Economic growth is now winning elections
The marginal impact of growth on voters is more pronounced than ever

If not for a brief interregnum of Jitan Ram Manjhi’s nine-month reign, Nitish Kumar would have completed a decade in office by the time the Bihar elections approach. All this while, Bihar has posted phenomenal growth rates, breaching the 10% mark multiple times. It is strange then that Kumar is relying more on caste calculations and less on his own performance to seek re-election. Does good economics not translate into good politics? After all, chief ministers such as Narendra Modi, Shivraj Singh Chouhan and Naveen Patnaik have successfully used the growth plank to get re-elected into office time and again. To be fair to Kumar, he used the same to get re-elected in 2010, albeit with a different caste coalition.
A recent paper by Milan Vaishnav and Reedy Swanson of the Carnegie Endowment for International Peace helps unravel the relationship between good economics and good politics. Adding to the meagre amount of such work on India, the authors analysed the growth and electoral data for 18 major states between 1980 and 2012. The aggregate data of the period under study is inconclusive. However, when it is segregated decade-wise, some interesting insights are thrown up.
The period of 2000-12, unlike the previous decades of 1980-89 and 1990-99, showed significant positive electoral dividend for state governments delivering economic growth. This is a new phenomenon as the experience of the decade 1990-99 was exactly the obverse when the governments delivering higher growth were thrown out. The decade of 1980s also showed positive correlation between growth and electoral fortunes, but the results are statistically insignificant. The paper also concludes, for the period since 2000, economic growth to be a greater influence on voter decision as compared to both inflation and law and order.
Sceptics will point out the failure of N. Chandrababu Naidu to get re-elected in 2004 as an obvious counter. The glitzy IT parks of Cyberabad, it was said, stood egregiously in contrast with the suffering farmers in rural hinterlands, thus bringing about the inevitable fall of the “CEO" of Andhra Pradesh. A recent study by the IDFC Institute, however, concluded that Naidu was also voted out by urban voters as much as by rural. Moreover, the average growth rate of agriculture and allied sectors in Andhra Pradesh during the period of 1999-2004—the period coinciding with Naidu’s pro-business reform years—was almost double the national average. Naidu’s ship was, however, scuppered with two successive drought years in 2001 and 2002 when the agricultural output of the state shrank by 1.5% and 7.7%, respectively.
The conventional view of Indian electorate as a myopic lot preferring identity over growth might finally be changing. In a 2013 research paper, Devesh Kapur characterized India’s electoral competition as one revolving “around distributing public resources as club goods (goods with excludability characteristics) rather than providing public goods to a broad base". He further observed that “those who have the voice (the middle and upper classes) have de facto exited from the system, preferring market solutions over poor quality and unreliable public services, further reducing pressures to change the system". As growth pulls more people out of poverty and expands the middle class, the nature of demands is changing from identity-based club goods to public goods. Economic growth, undoubtedly, belongs to the latter.

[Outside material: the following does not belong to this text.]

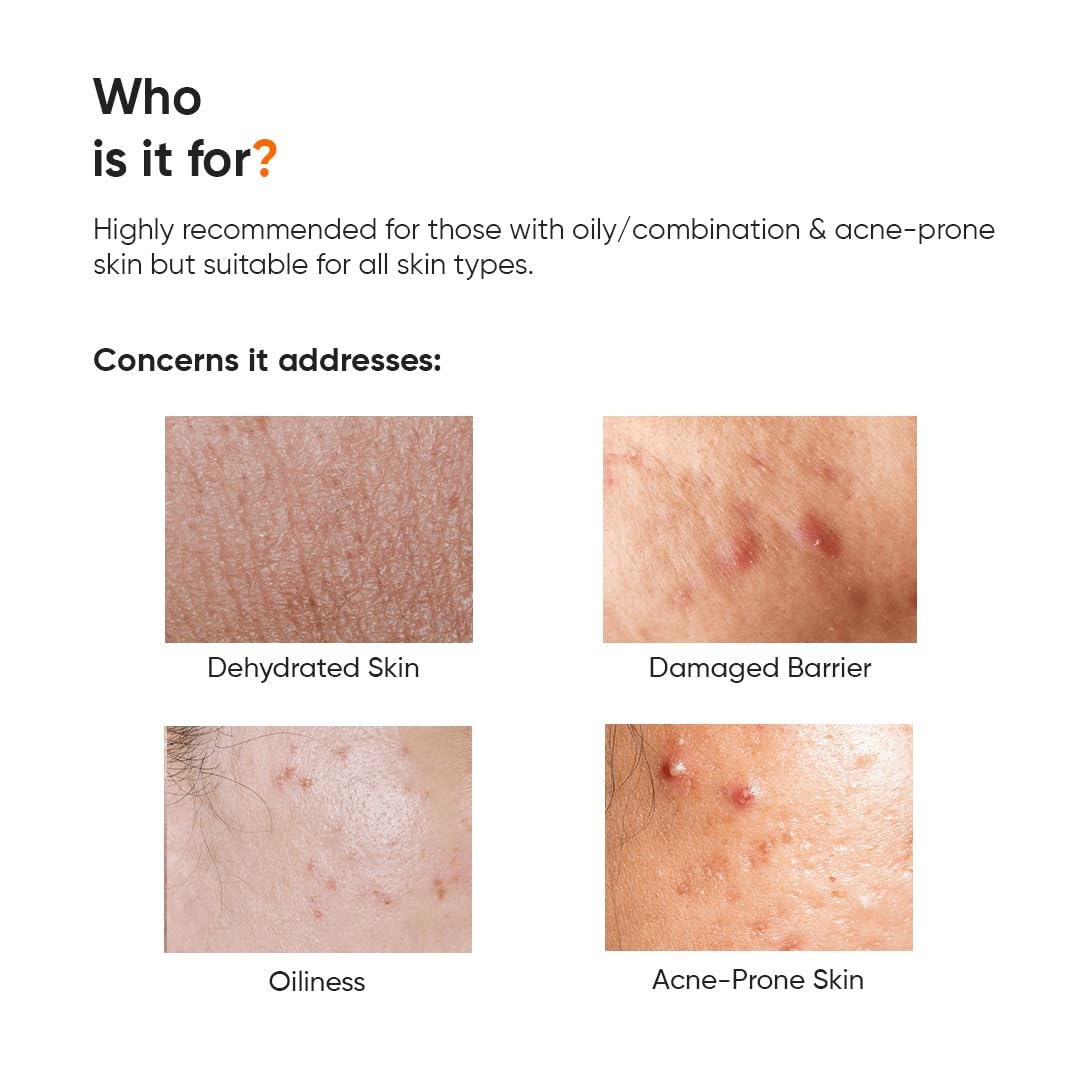 Minimalist Dehydrated Skin Moisturizer with 10% Vitamin B5 for Oily & Acne-Prone Skin | Oil-Free Hydration & Lightweight Gel Formula for Damaged Barrier Repair | Fast-Absorbing & Non-Sticky Lightweight Winter Cream For Women & Men | Fragrance-Free | 50 gr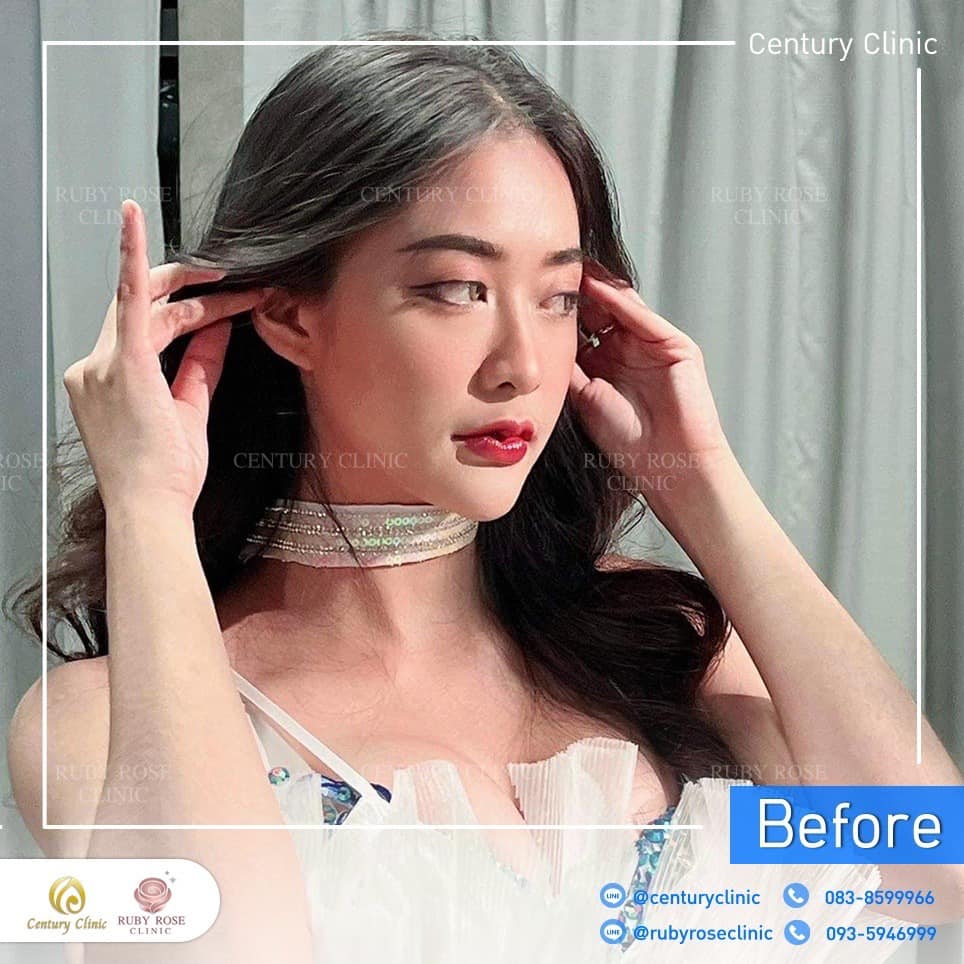 Century-รีวิว-เสริมจมูก 2#466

The economic liberalization began in fits and starts in 1980s and achieved a greater momentum only in 1990s; the most impressive growth figures were seen in 2000s. A sustained period of high growth drove home the benefits of reforms by moving a large chunk of population above absolute poverty. The cumulative impact of each percentage point of extra growth made discernible impact on incomes and lifestyle. The high tide, if there was one in India, was realized in the new century.
The liberalization also increased the power of the state governments to improve the economic wellbeing of their respective constituents. In a research paper, Krishna Chaitanya Vadlamannati has used the data on Industrial Entrepreneurs Memorandum proposals from each state annually, as well as other variables determining investment proposals during the period of 1991 to 2009 to establish a clear spurt in competition among states in attracting investments. When this is accompanied by fierce electoral competition states—with both national and regional parties in the fray—the marginal impact of growth on voting decisions are more pronounced than ever.
The lesson for political parties is clear. Economic growth matters, even wins them elections. One only hopes that the opposition does not take the wrong lesson of stalling the economic reforms in order to defeat the ruling party and seize power.